Falling Upward: A Spirituality for the Two Halves of Life by Richard Rohr is the best book I have read in a decade, and I read a lot of books! Richard Rohr spoke to me on every page of this short volume. I had to read it slowly, only four or five pages a day. Any more would have been too much to digest. I write in my books. I underline what I like. I place a star beside what I really like. I talk back in the margins when I disagree. I am glad to get two or three outstanding insights out of any book I read. In Falling Upward, I suppose I have 50 or more stars, which mean “Yes!” and “Amen!” Examples:
“No Pope, Bible quote, psychological technique, religious formula, book or guru can do your journey for you.”

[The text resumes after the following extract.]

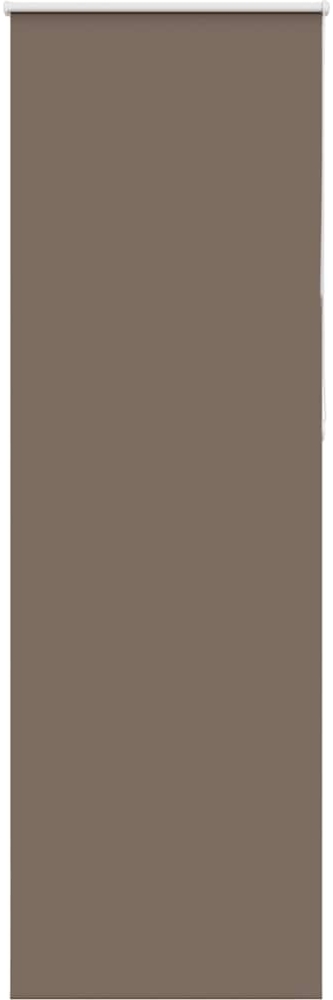 vidaXL Verdunkelungsrollo Kaffeebraun 80x230 cm Stoffbreite 75,7 cm 4011072 Bild 1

“Resistance to change is so common, in fact, that it is almost what we expect from religious people, who tend to love the past more than the future or the present.”
“When you are in the first half of life, you cannot see any kind of failing or dying as even possible, much less as necessary or good.”
Rohr, who is a Franciscan priest, has had a similar pilgrimage, it seems to me, within Roman Catholic circles, as I have had within Baptist circles. As a youngster, he bought the whole package, believing every word his religion taught him, as I did. But adult realities and the shibboleths of childhood did not always fit together easily.
He introduced me to the image of the “loyal soldier.” According to Rohr, when the Japanese military returned home after World War II, they were given permission, in a ceremony, to leave their soldiering behind. They had been loyal soldiers, and that had been good for their country during that period in their lives. Now their country needed them to move forward to the next step, to be farmers and merchants and craftsmen. Rohr contends that adult Christians need to be given permission to move toward mature faith, to fall upward, to be able to think for themselves and not merely to follow someone else’s orders as if they were still teenagers.
Another phrase of Rohr’s which I found helpful is “double belonger.” As teens and young adults, we work out our identities, so we claim certain tribes (I am a white, heterosexual, male evangelical Baptist Christian from South Carolina who is a Clemson graduate and who was a Young Republican in college. Other people are in different tribes. They are Hispanic or Catholic or pull for Georgia Tech or whatever…) As young adults, those categories are very important. As mature Christians, Rohr and I find them less and less valuable. We can be double-belongers! I am not required to choose sides. I can value insights from Republicans and Democrats. I would like for some of our politicians to read Rohr’s book. Being stuck in the world of either/or is not the role of a Christian. Do you really think God is either/or? Do you think God is limited to loving Baptists or Catholics, Christians or Jews or Muslims, conservatives or liberals? Teens can be forgiven such foolishness. Such bad theology from sixty-something’s is less understandable. More quotations:
“You learn how to recover from falling by falling!”
“The only real biblical promise is that unconditional love will have the last word!”
“Every time God forgives us, God is saying that God’s own rules do not matter as much as the relationship that God wants to create with us.”